Sedaka was a promising pianist as a youngster, and was once selected by Arthur Rubinstein to play on New York City’s classical radio station; he also studied at New York’s prestigious Juilliard school. At the same time, he set down rock’n’roll and doo-wop roots by singing in an early version of the Tokens. After he had his first songwriting success with Connie Francis’ “Stupid Cupid” in 1958, he got a deal with RCA in the late ’50s as a solo artist. Sedaka’s own hits were well-crafted, but were probably the most innocuous, saccharine smashes to come out of the early Brill Building crowd. His rather thin, high vocals were boosted by multi-tracking, which was still a novel technique at the time.
The big hits stopped rolling in for Sedaka a good year or so before the Beatles became popular in America.
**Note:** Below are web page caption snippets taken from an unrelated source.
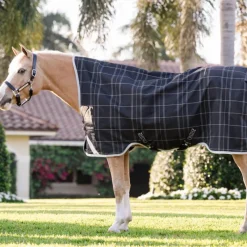 Couvertures Poneys|Couvertures Et Chemises*Horseware - Couverture d'extérieur Rhino Wug Pony Turnout VL / gris/ blanc à carreaux 250g Noir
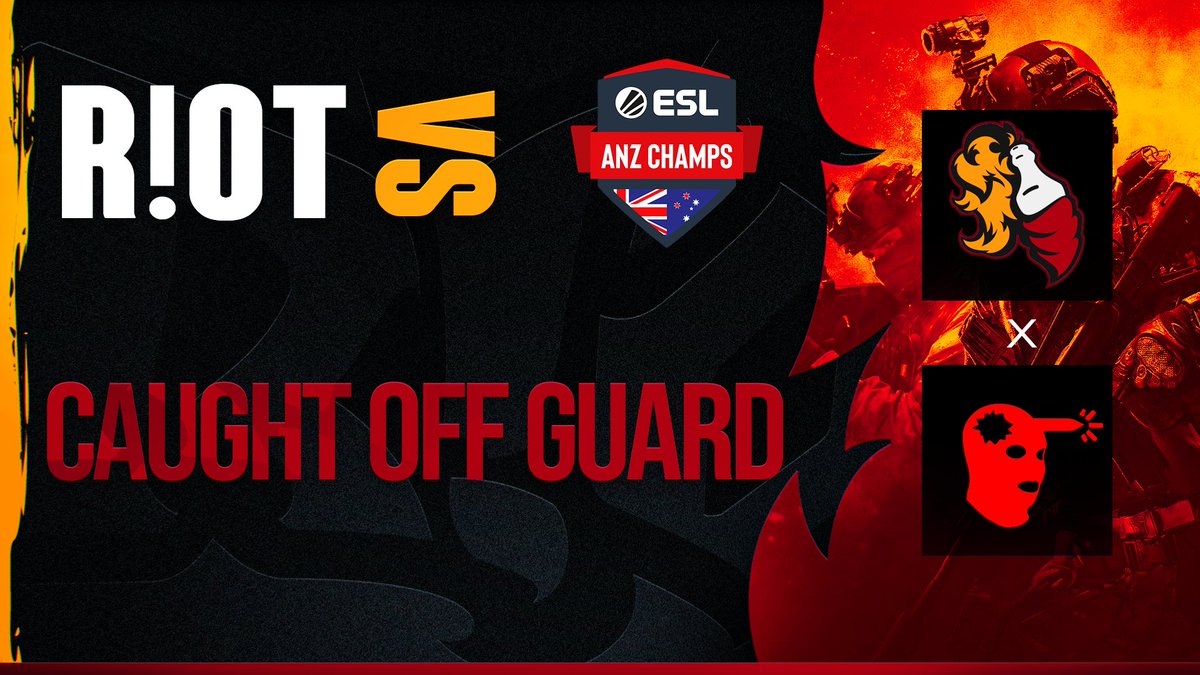RIOTGamingGG's tweet photo. On the other end, we take on the first week of ESL Australia &amp; NZ Championship Season 12! 

🆚#CaughtoffGaurd

⌛️ 8pm AEST
▶️https://t.co/hKwEi6Z2di

#LetsStartARIOT🔥 https://t.co/qnc2fSgCkg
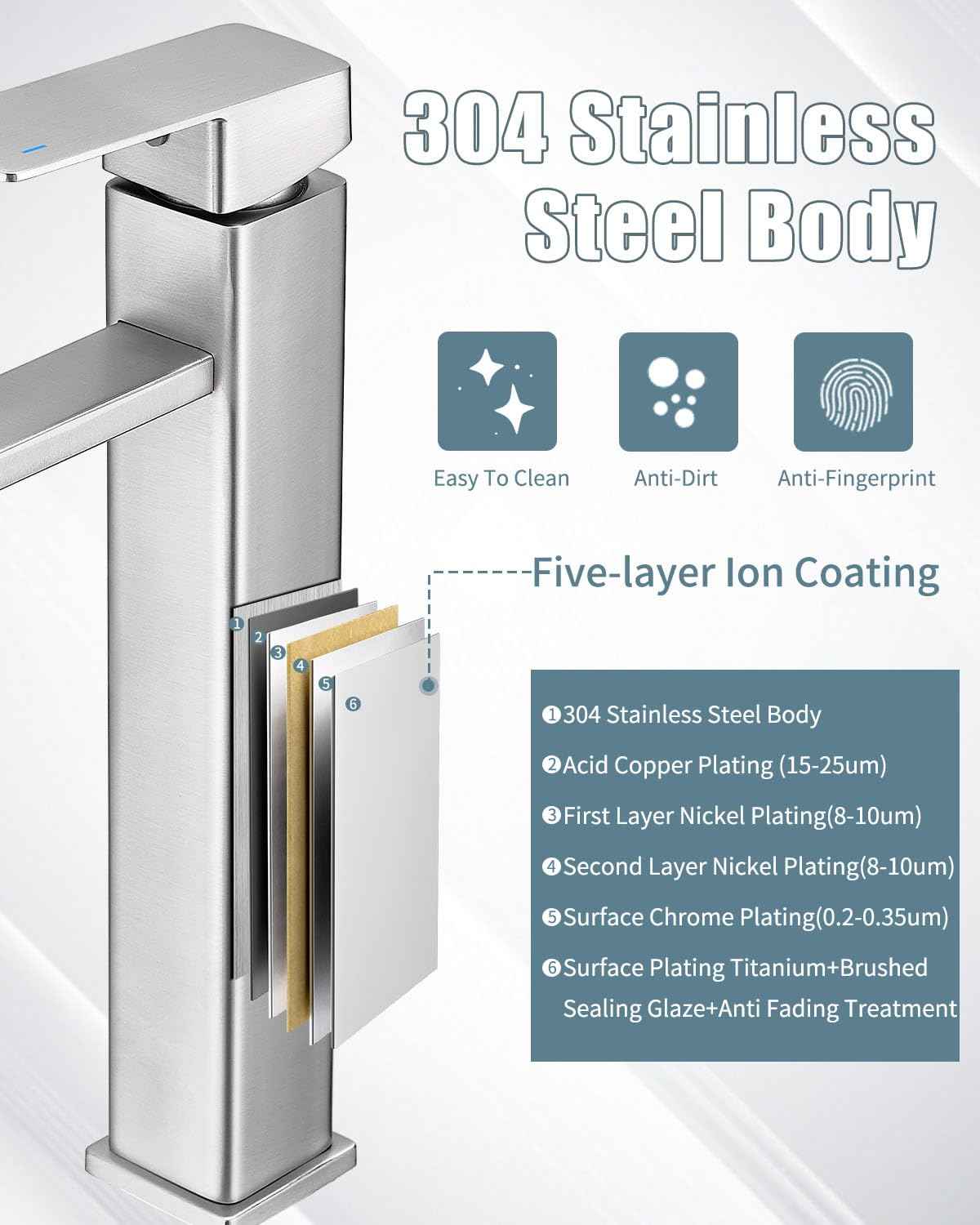 Casavilla Bathroom Faucet(2 Sets), Brushed Bathroom Sink Faucet Set with Pop Up Drain, Single Hole Single Handle High Barrel Sink Vanity, Stainless Steel Lead-Free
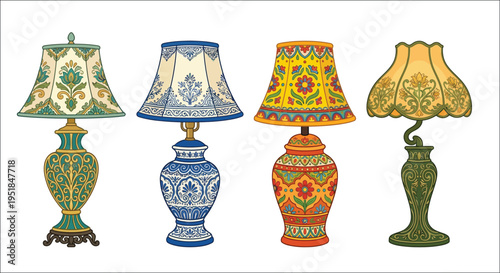 Four decorative lamps with colorful patterned shades and ornate bases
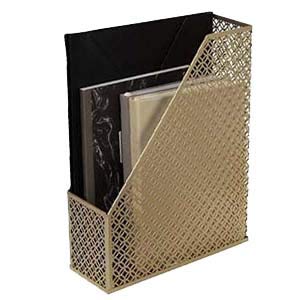 Load image into Gallery viewer, BLU MONACO Gold Magazine Holder - Metal Magazine File Box - Gold Desk Magazine File - Gold Metal Desktop Magazine Holder
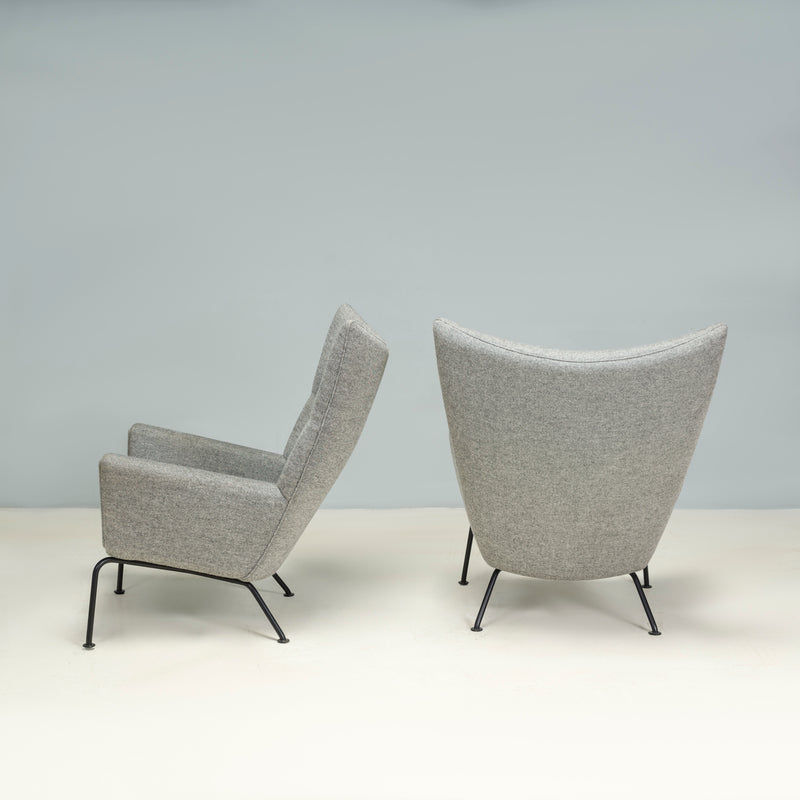 Hans J. Wegner for Carl Hansen Grey Fabric CH445 Wing Chair, Set of 2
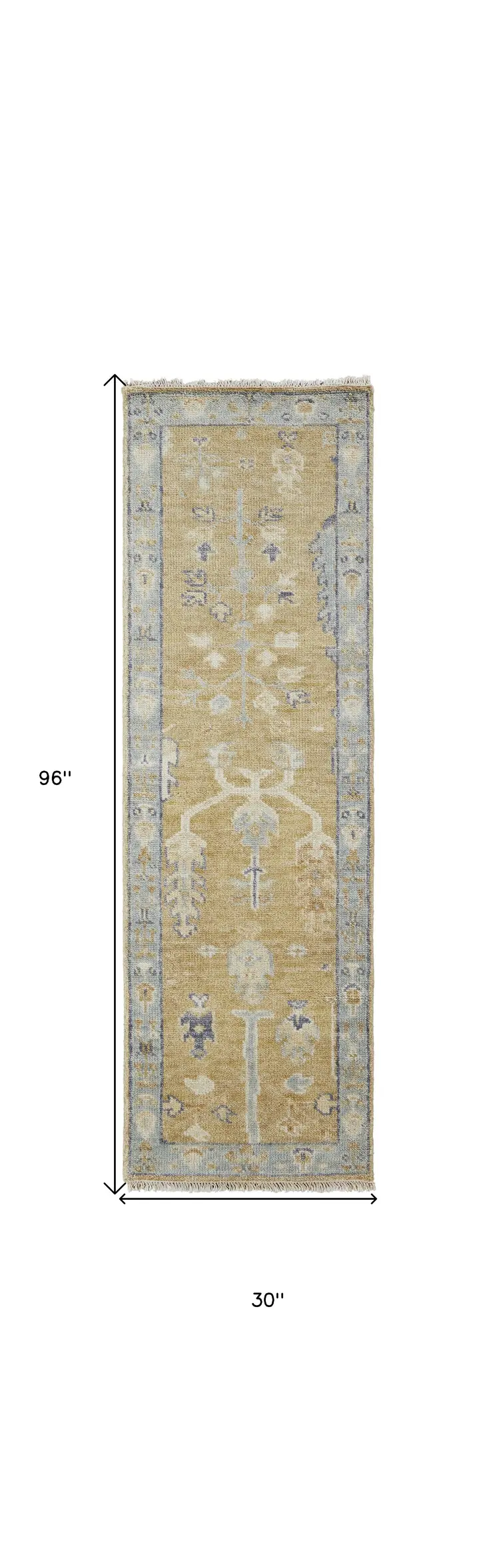 8' Gold Blue And Gray Wool Floral Hand Knotted Stain Resistant Runner Rug With Fringe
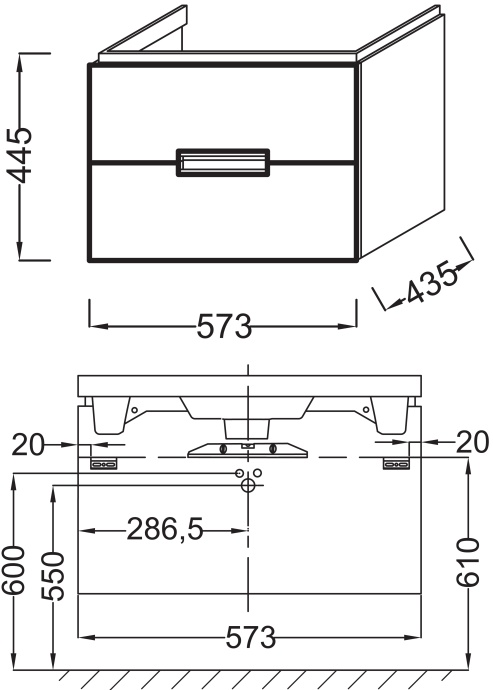 Мебель для ванной Jacob Delafon Reve 60 светло-коричневая, 2 ящика - 7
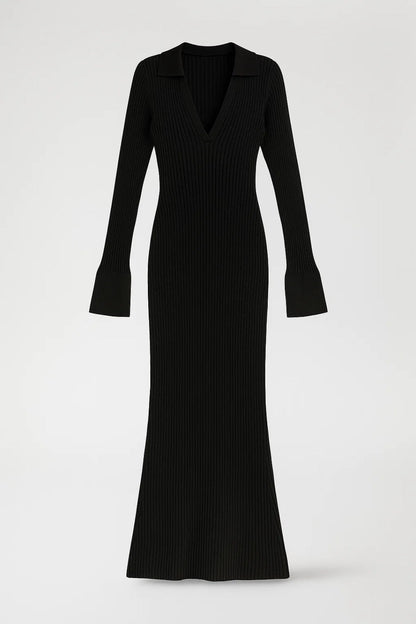 Robe Maxi Femme en Coton Côtelé – Col V Profond et Coupe Ajustée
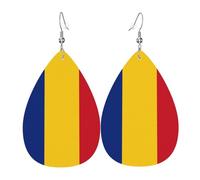 Flag of Romania Teardrop-shaped leather earrings are a luxurious and fashionable accessory suitable for women, showcasing individual charm.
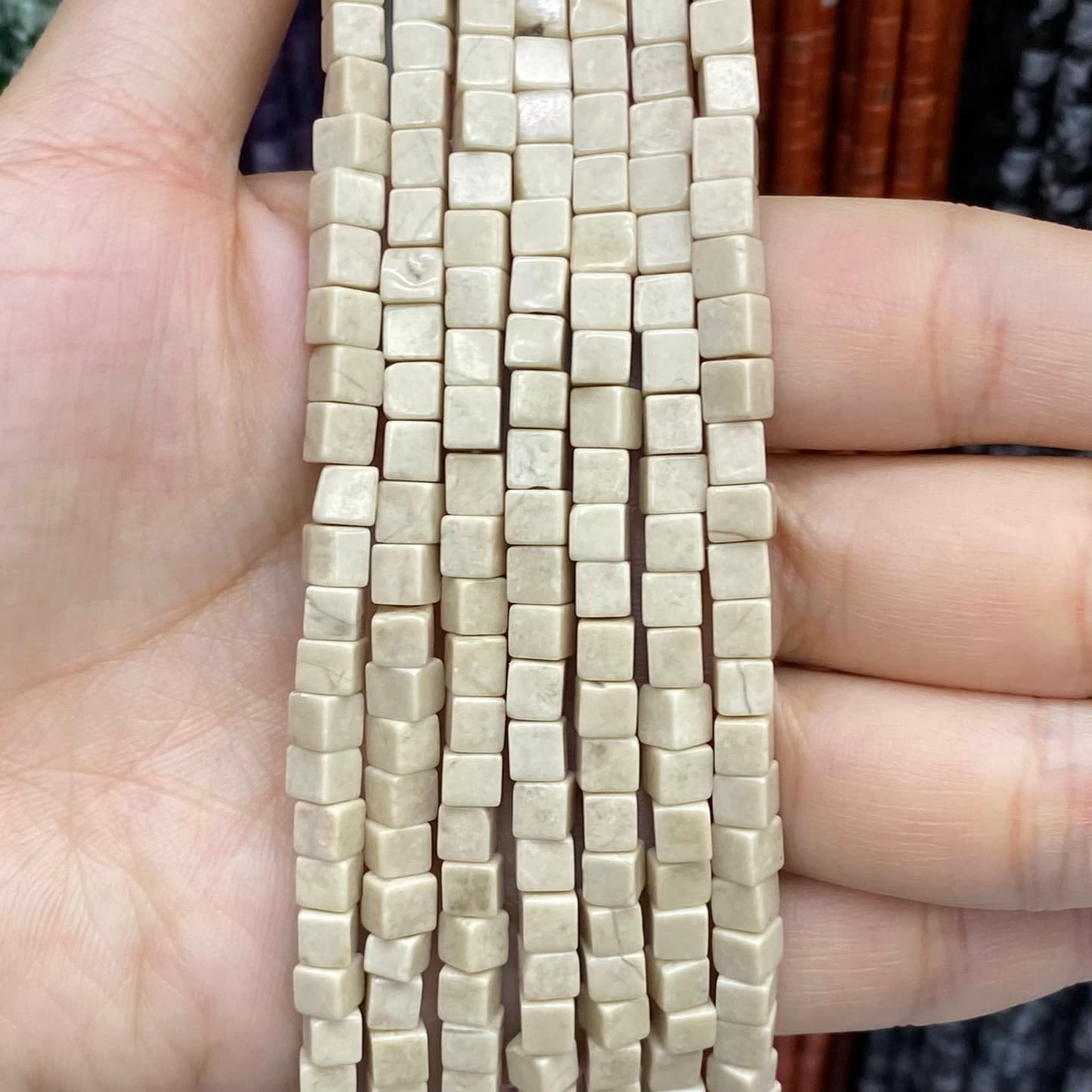 Square Cube Beads 4x4mm Quartz/Jasper/Agate/Crystal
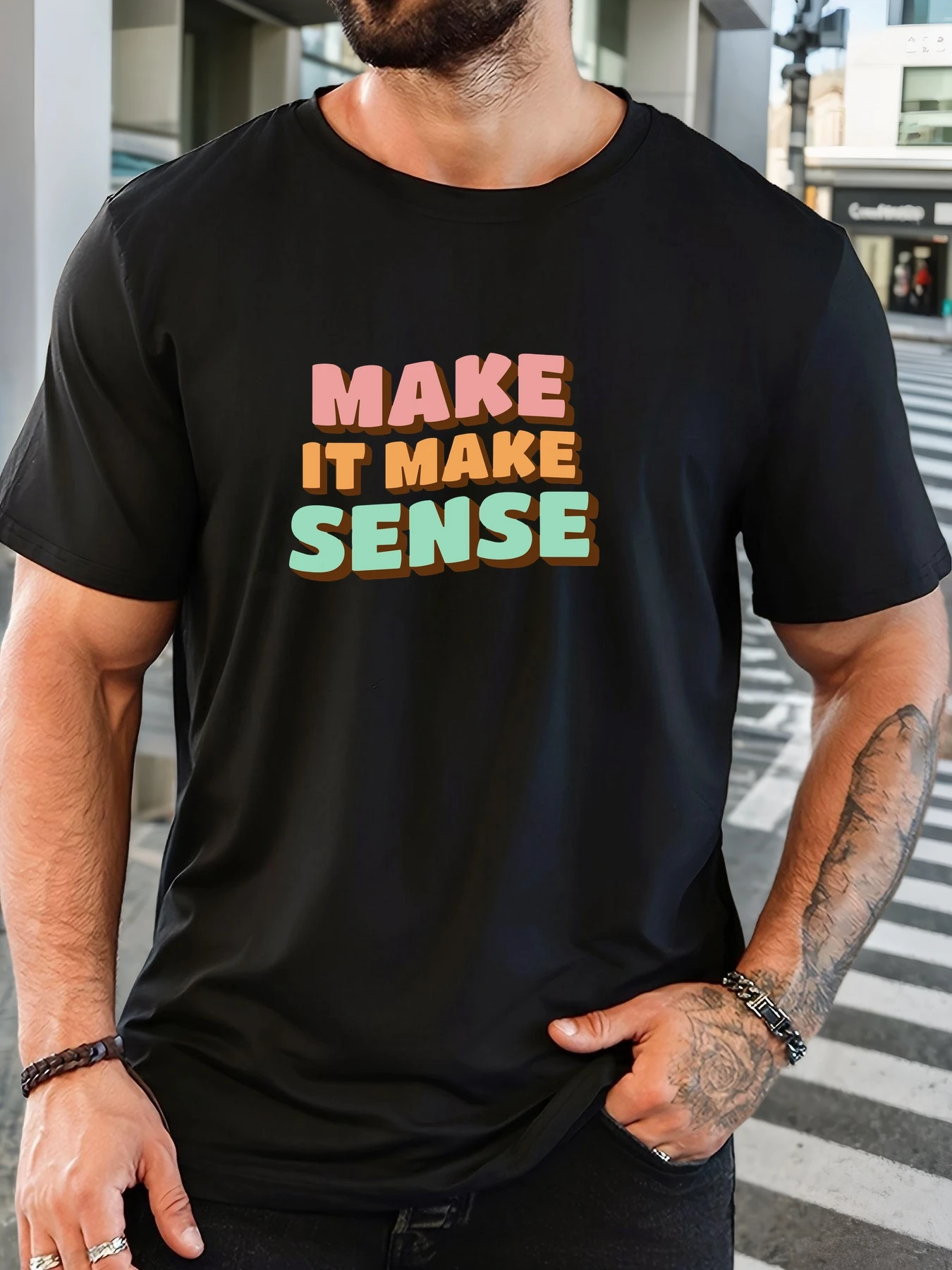 

MAKE IT MAKE SENSE pattern summer casual crew neck short T-shirt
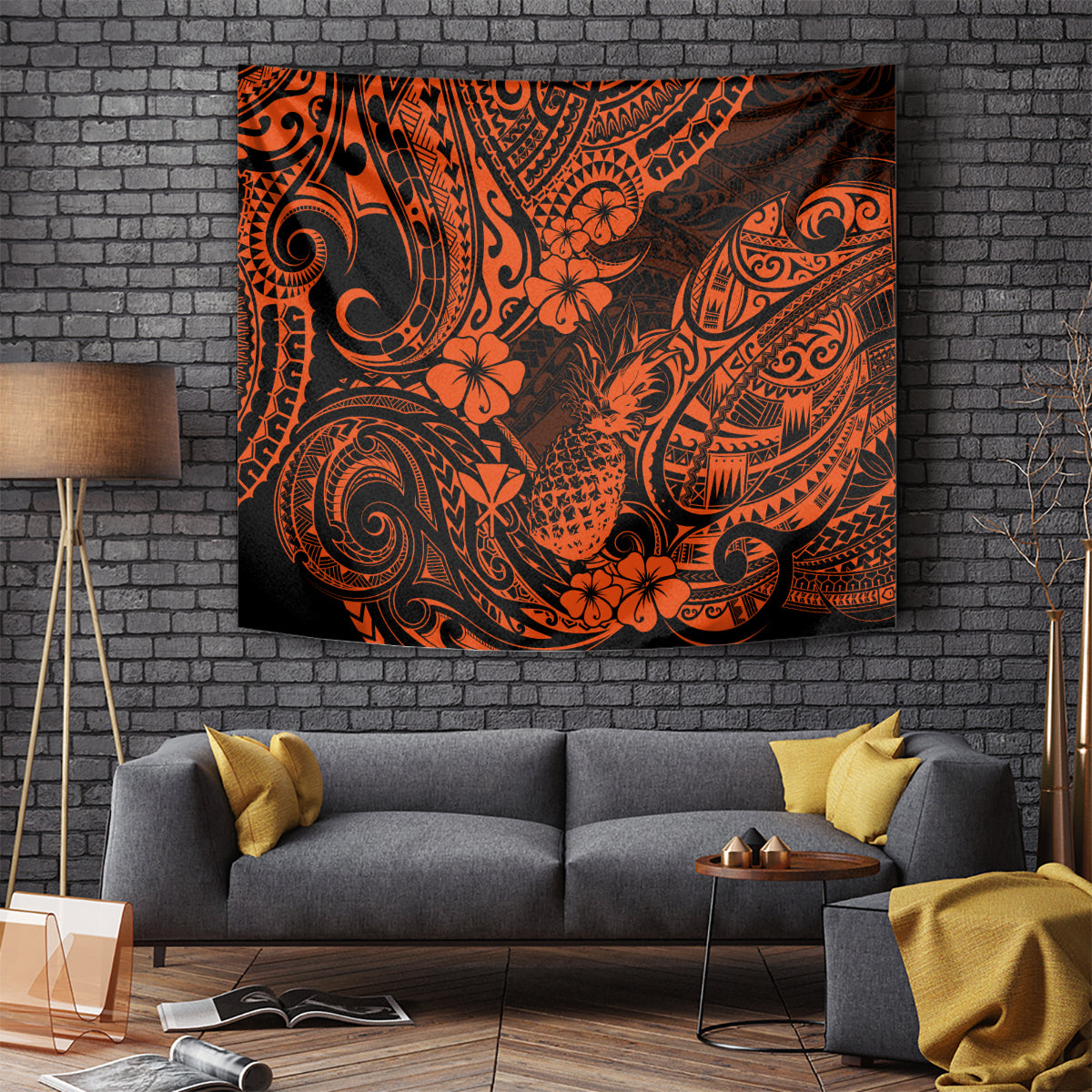 Orange and dark pineapple floral tapestry with Polynesian tribal swirl and motifs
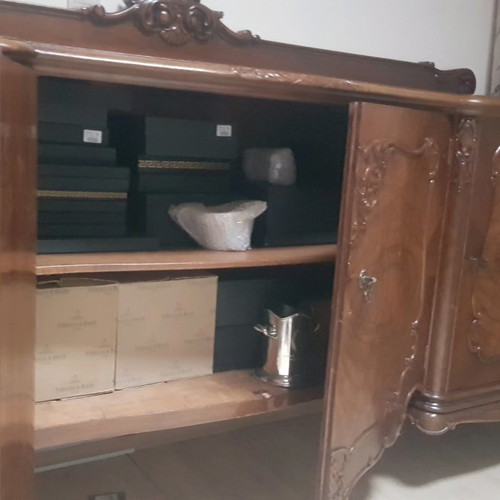 Handmade buffet used, solid walnut wood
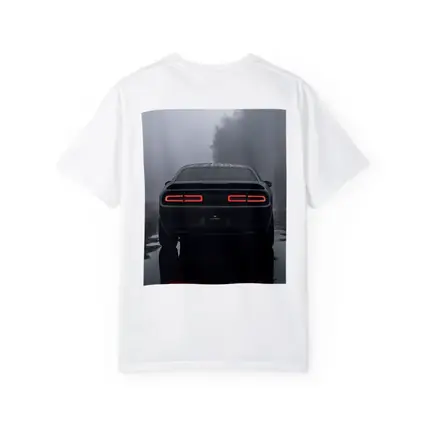 Dodge Challenger Rear View Foggy Rainy Road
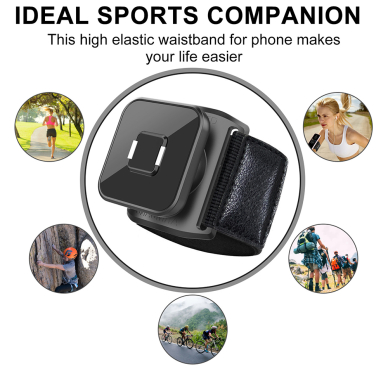 [Užsakomoji prekė] Techsuit - Sports Armband with Phone Magnetic Suction Cup (TSA2) - Velcro Mounting Strap, 3M Glue Sticker, max 6.8" - Juodas 6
He concentrated more on the songwriting end of the business for the next decade, continuing to write with Greenfield and scoring occasional successes. He made an unexpectedly successful comeback in England in the early ’70s, where three of his albums were co-produced by Graham Gouldman of 10cc. By the mid-’70s he was recording for Elton John’s Rocket label, and got a #1 hit with the ballad “Laughter in the Rain” in 1974. That and “Love Will Keep Us Together,” which he and Greenfield wrote for the Captain and Tennille, did much to get MOR pop off the ground, and consequently make many wish that Sedaka had never re-emerged.
Sedaka got another #1 hit, “Bad Blood,” in 1975, with Elton John helping out on background vocals. A slow remake of “Breaking Up Is Hard to Do” made the Top Ten the following year, and although he would never enter the Top Forty after 1980, he was assured of a successful career as a perennial on the MOR circuit.